Lembrando e agora'

Lembrando...
Aquelas falas ficaram mais ou menos assim na memória:

“Seu coração é cigano, vai substituindo amores e paixões. Aposto que não ficará sozinho nem três meses e logo estará fazendo declarações de amor eterno de novo.”
“Você sufoca uma flor ainda em semente. São muitos cuidados, carinhos, não há broto que resista a tanto zelo.”
“Ainda é muito cedo pra isso. Acho que você estar mergulhando fundo demais por alguém que você nem conhece.”

Derluh Dantas
E agora...
O menino agora estava com seu baú aberto na beira do abismo. As mãos já não são tão macias, os olhos perderam um pouco do brilho. Os cabelos negros apresentam alguns traços brancos e a barba é um multicolorido desgrenhado e opaco. A melodia mudou o ritmo e os instrumentos musicais são mais cadenciados e suaves. As palavras ficaram escassas e muitas vezes o embate fica na confusão de pensamentos, nos lábios uma palavra qualquer apresenta uma concordância para evitar maiores danos [desnecessários]. Naquela música do “Velho e o Moço”, ele já não se encontra em nenhum dos lados. Tudo anda meio ralo, mas ele se tornou mais próprio, mais inteiro, mais sincero, até mais passional que de costume. Talvez, ele tenha aprendido a dor e prazer de ser sozinho e queira de vez em quando um intervalo disso, mas já não aceita qualquer ilusão ou mentira sincera. Na pista de dança, ele ainda fecha os olhos, mas os movimentos são mais decididos, as mãos são mais sutis, a voz já não se ouve em qualquer multidão – são raros os momentos de pista, mas há muita dança no reservado de seu quarto, quando ninguém está vendo. Acho que o tempo nos faz mais amante do silêncio, nem todo barulho é desejo, nem todo desejo vira som. Realmente, o menino que eu era se entregava nos mergulhos profundos, o coração era cigano, os amores e paixões eram livres para o terreno fértil que meus pensamentos me permitiam. Hoje parece diferente, o espelho já não varia tanto a imagem do sujeito que se olha, se desnuda, se mostra... Eu acho que já não fantasio tanto, tenho me tornado apenas uma fantasia distante de mim mesmo.

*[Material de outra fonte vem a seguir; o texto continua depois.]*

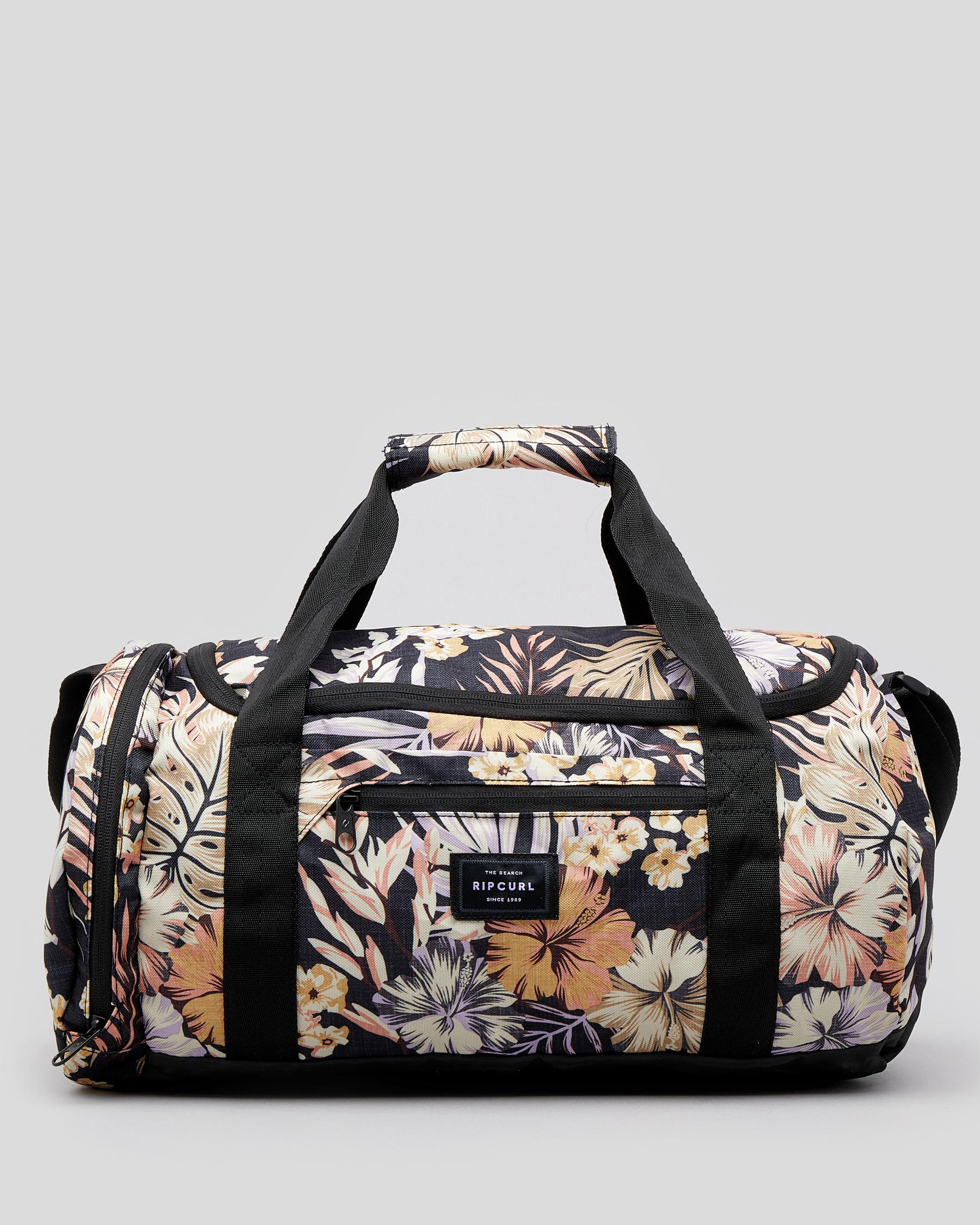Shop Rip Curl Paradise Packable Duffle In Black - Fast Shipping & Easy ...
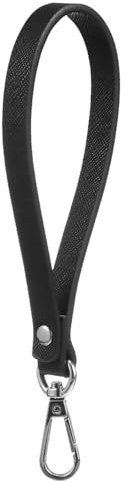 ABOOFAN Cinturino da polso in pelle PU, catena di ricambio per borsa, portachiavi, borsa per riporre il telefono cellulare, colore: Nero , cod. 30934MZXRN8YH15I58HBRK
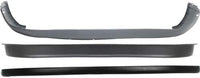 Front Bumper Upper Cover + Lower Valance + Air Dam Reflector Textured Direct Replacement Compatible With 1994-2001 Dodge Ram 1500/1994-2002 2500 3500 CH1000160 CH1090124 CH1000232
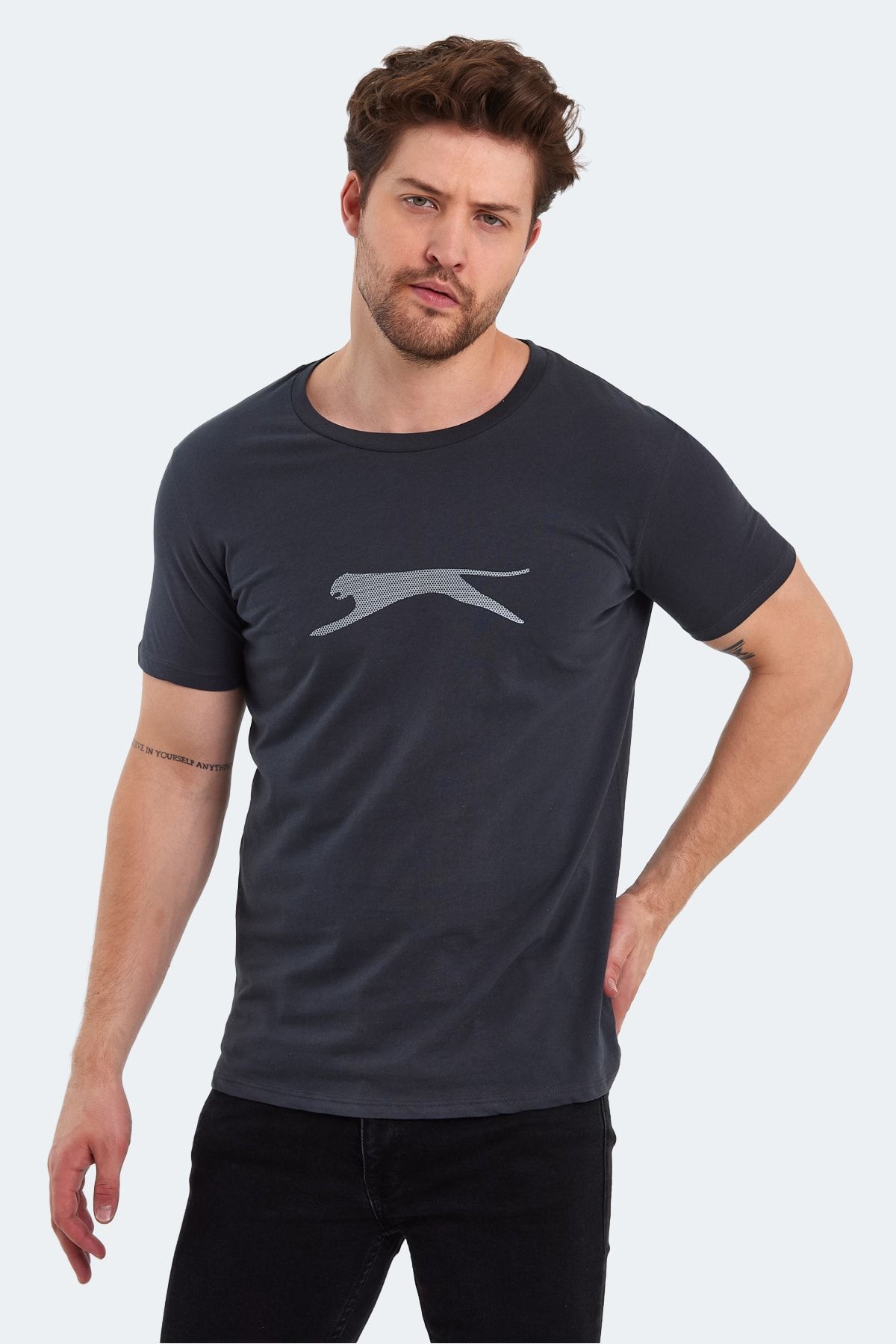 Slazenger SECTOR I Erkek Kısa Kol T-Shirt Koyu Gri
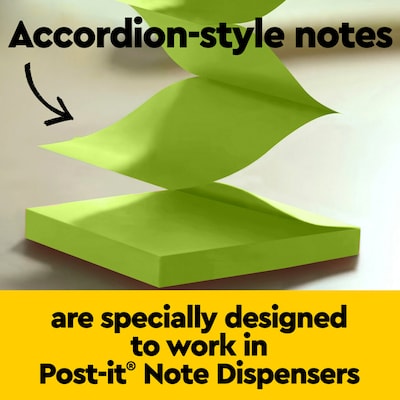 Post-it Pop-up Notes, 3" x 3", Floral Fantasy Collection, 100 Sheet/Pad, 18 Pads/Pack (R33018AUCP)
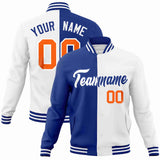 Custom Heat Letterman Two Tone Split Fashion Jacket For Baseball Coat
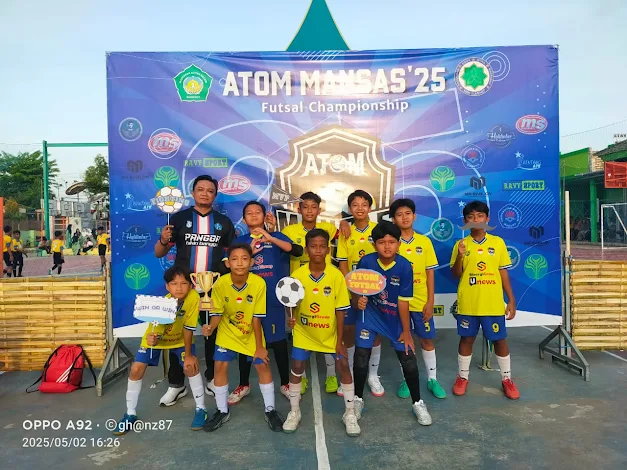 SDN Pangarangan 3 Tunjukkan Taji, Menang 2-0 atas SDIT Al-Wathoniayah B di ATOM MANSAS 2025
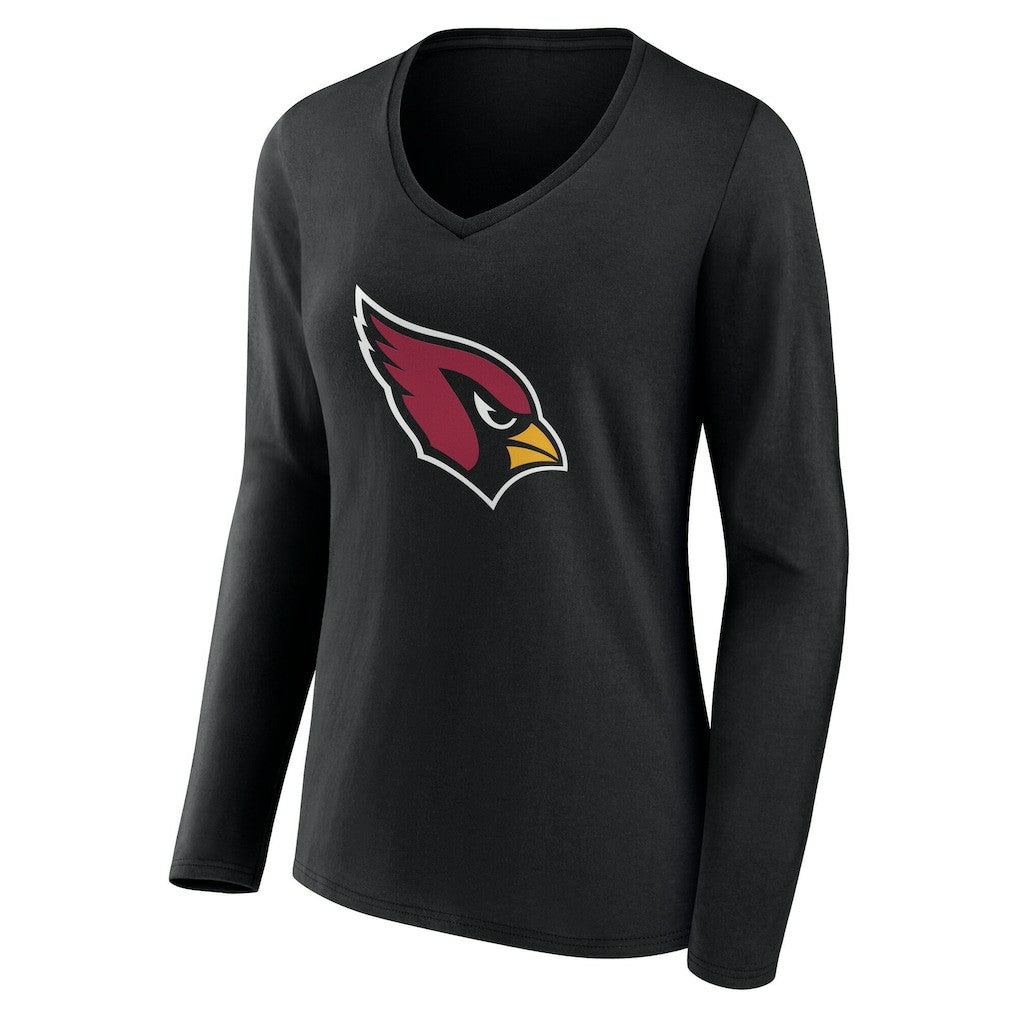 Women's Team Authentic Personalized Name & Number Long Sleeve V-Neck T-Shirt - Arizona Cardinals T-shirts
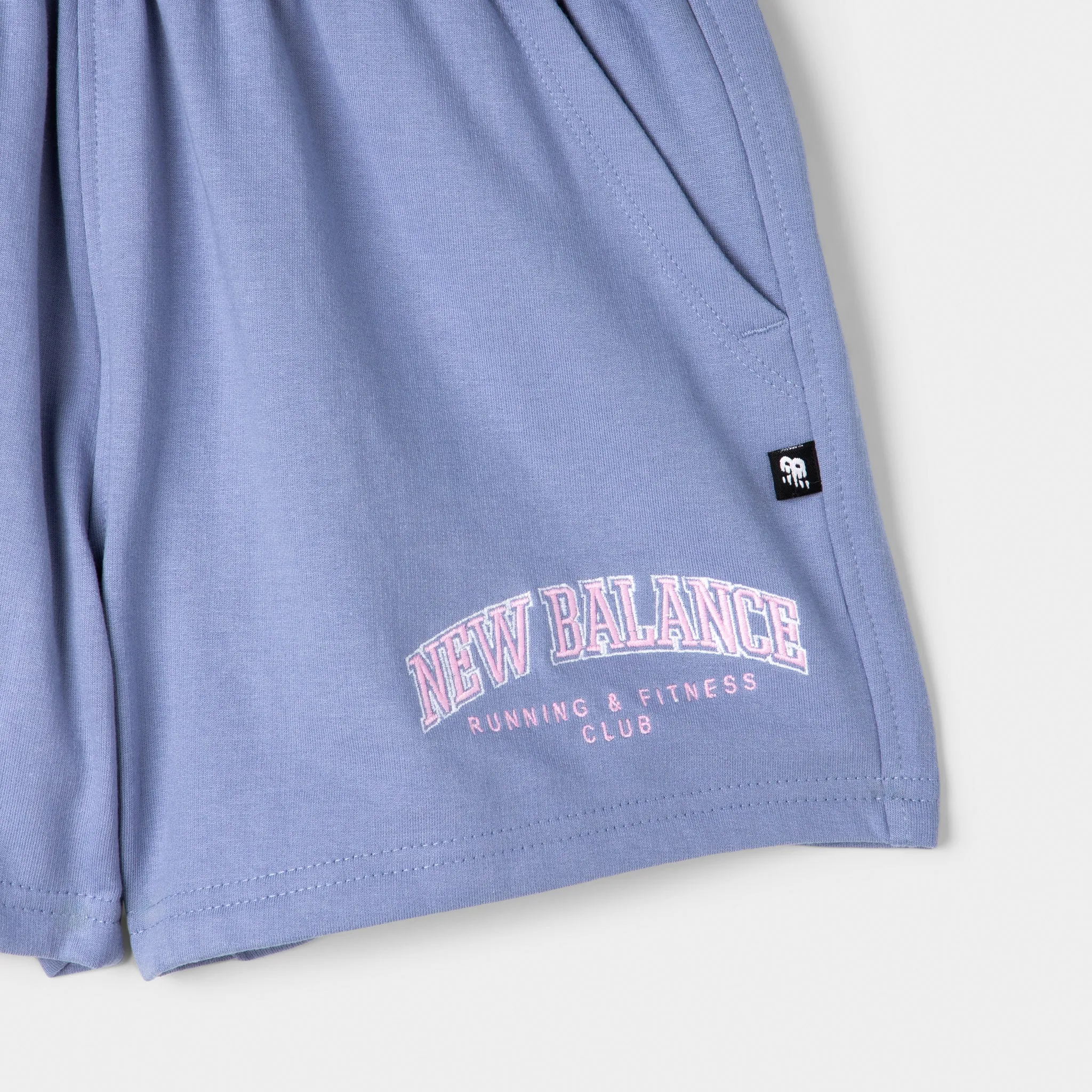 New Balance Junior Girls' Club Short Dusk Shower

- Não há sequer uma mentira nas falas acima... Mas, não aceito qualquer condenação sobre minhas tentativas, apenas confesso que sinto falta das paixões e amores livres de regras temporais e morais, sinto extrema saudades e falta do ser cigano de meu coração. Infelizmente, hoje só tenho esse baú platônico de sentimentos não correspondidos e algumas cicatrizes luminosas na alma. E nunca fui do tipo de substituir amores, apenas vivi inteiramente cada um deles em seu próprio tempo.